Dr. McCartney describes the notion that “we don’t drink enough water” as “thoroughly debunked nonsense,” and that having too much water could be unhealthy. She notes that the recommendation to drink six to eight glasses of water a day is supported by many health officials and organizations, including the NHS (National Health Service). The NHS Choices website even states on its website that we should “try to drink about six to eight glasses of water (or other fluids) a day to prevent dehydration. When the weather is warm or when we get active, we may need more.”

McCartney’s claim is bold, no doubt, but she cites two major sources as evidence.

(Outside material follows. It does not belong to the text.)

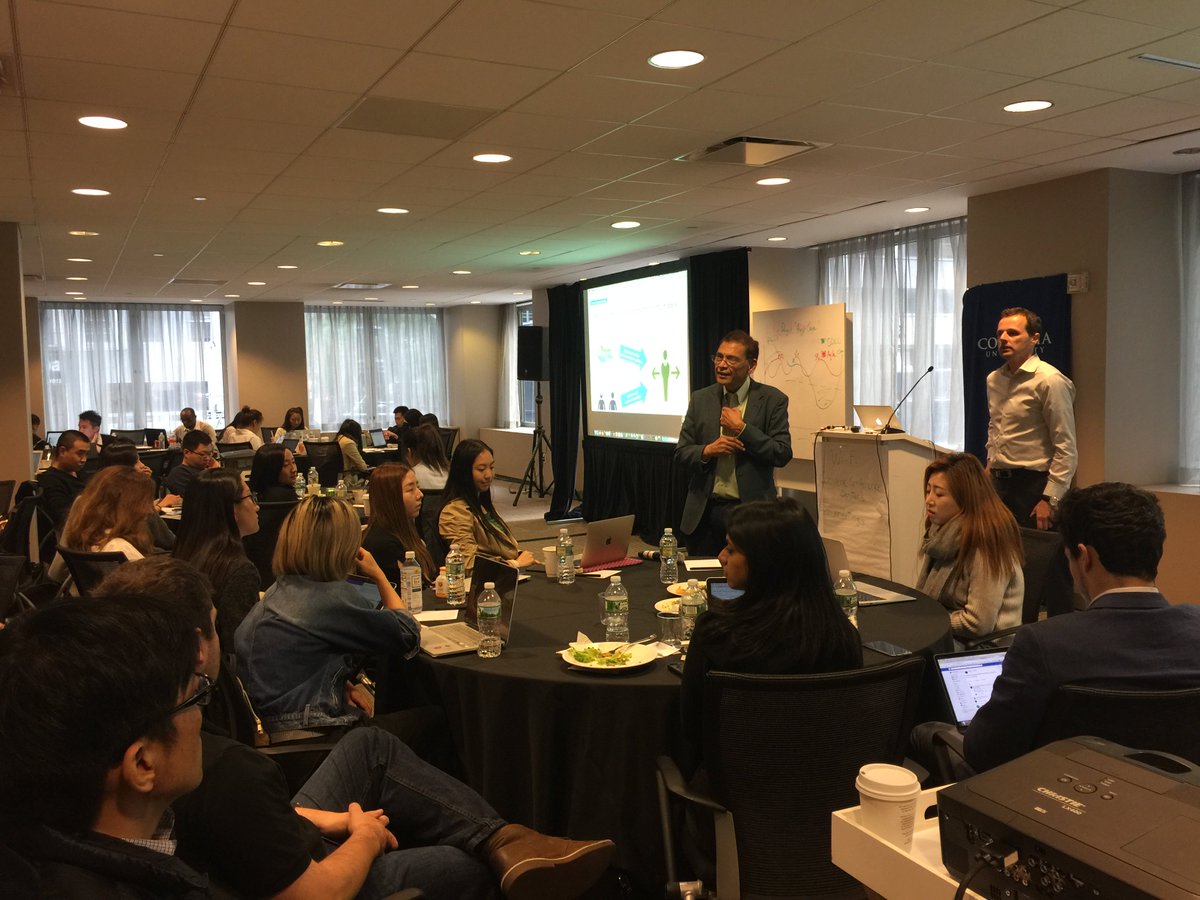 CorrineV's tweet photo. @DeelyThomas and Data Master Sid Dalal at @CU_SPS_ApAn fantastic session on AI, ML and more. Incredible opportunity for #APANSprint students! https://t.co/IomN1TWW7F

First, Heinz Valtin wrote in the American Journal of Physiology in 2002 that that there is “no scientific evidence that we need to drink that much [water]” and that the “recommendation could be harmful.” Also, a 2008 editiorial in the Journal of the American Society of Nephrology stated that “there is no clear evidence of benefit from drinking increased amounts of water…there is simply a lack of evidence in general.”

Others are rushing to support Dr. McCartney’s assertions and are relieved that she’s contributing to this ongoing conversation. The Guardian notes that “we humans are pretty good at regulating our own water intake. When we need to replace fluid there’s this highly accurate mechanism called thirst that prompts us to have a drink.”

A unique idea…drink only when you’re thirsty.